Since the anime title is encoded, it is converted to the actual title below. (Sort by score)

In [None]:
for idx, rating in anime_rating:
    #print(dic_anime[idx])
    print(rating, Anime_id2title(re.sub('anime_id-', '', dic_anime[idx])))

# Find similar users to 'user_id-1'

In [None]:
%%time
'''
get similar 30 user to `user_id-1`
'''
sim_user.num_best = 30
user_rating = sim_user[anime_rating]
user_rating

'User_id-1' is the fifth.

In [None]:
for idx, wgt in user_rating:
    print(wgt, dic_user[idx])

# Is the animation list of "user_id-46667" close to "user_id-1"?
Is the animation rating of "user_id-46667" close to "user_id-1"?

In [None]:
pd.merge(rating_csv2.query('user_id==46667'), anime_csv, on='anime_id')

In [None]:
sim_anime.num_best = 30
anime_rating = sim_anime[dic_user.doc2bow(['user_id-46667'])]
anime_rating

for idx, rating in anime_rating:
    #print(dic_anime[idx])
    print(rating, Anime_id2title(re.sub('anime_id-', '', dic_anime[idx])))

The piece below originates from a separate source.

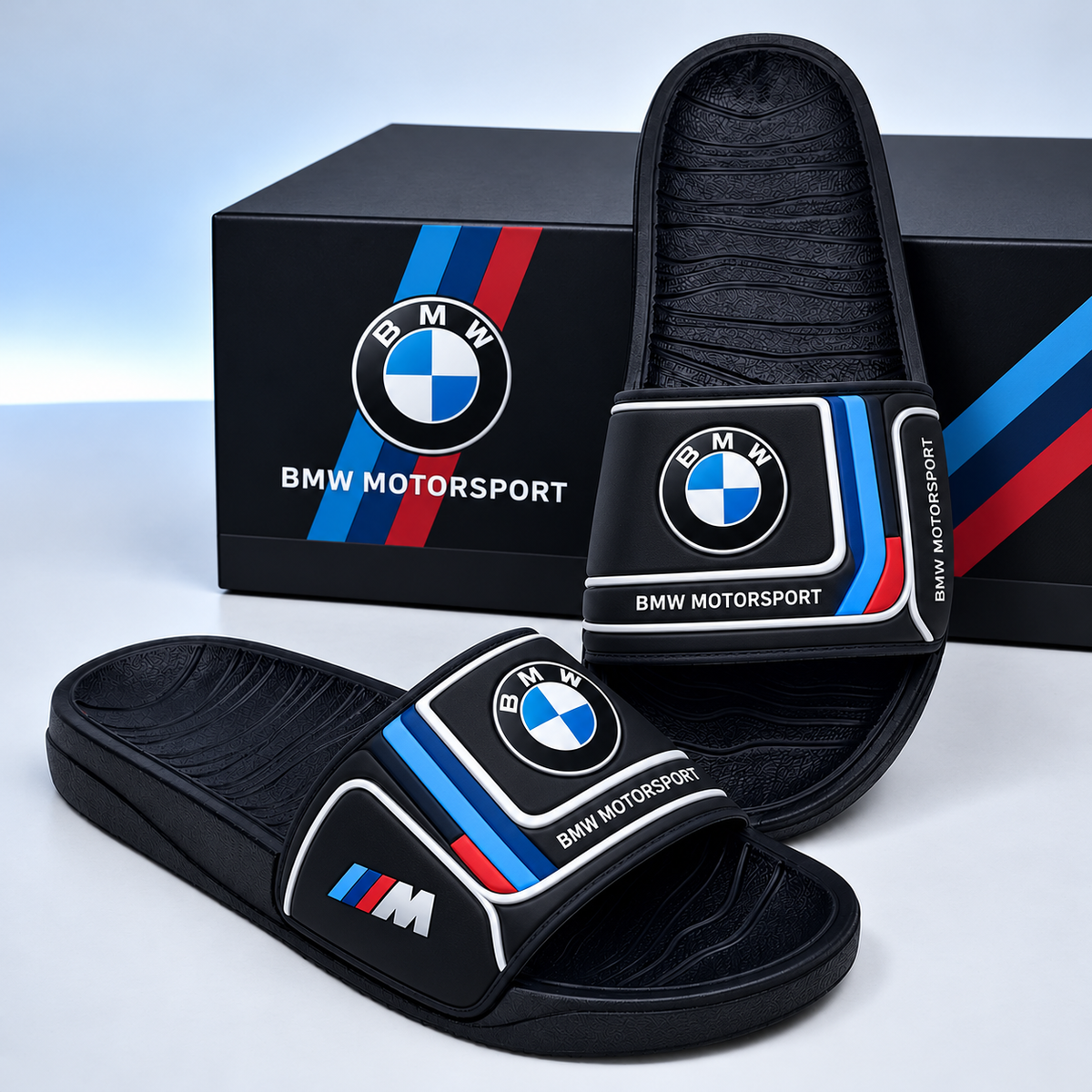 BW Motorsport 2026 Custom Leather Sandals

# Find animes associated with these similar users

In [None]:
'''
get anime list
'''
sim_anime.num_best = 50
anime_rating = sim_anime[user_rating]
anime_rating

In [None]:
'''
We can recommend anime other than the user-1 has already watched.
'''
for idx, wgt in anime_rating:
    print(wgt, Anime_id2title(int(re.sub('anime_id-', '', dic_anime[idx]))))

In [None]:
'''
anime list user_id-1 already watched
'''
pd.merge(rating_csv.query('user_id==1'), anime_csv, on='anime_id')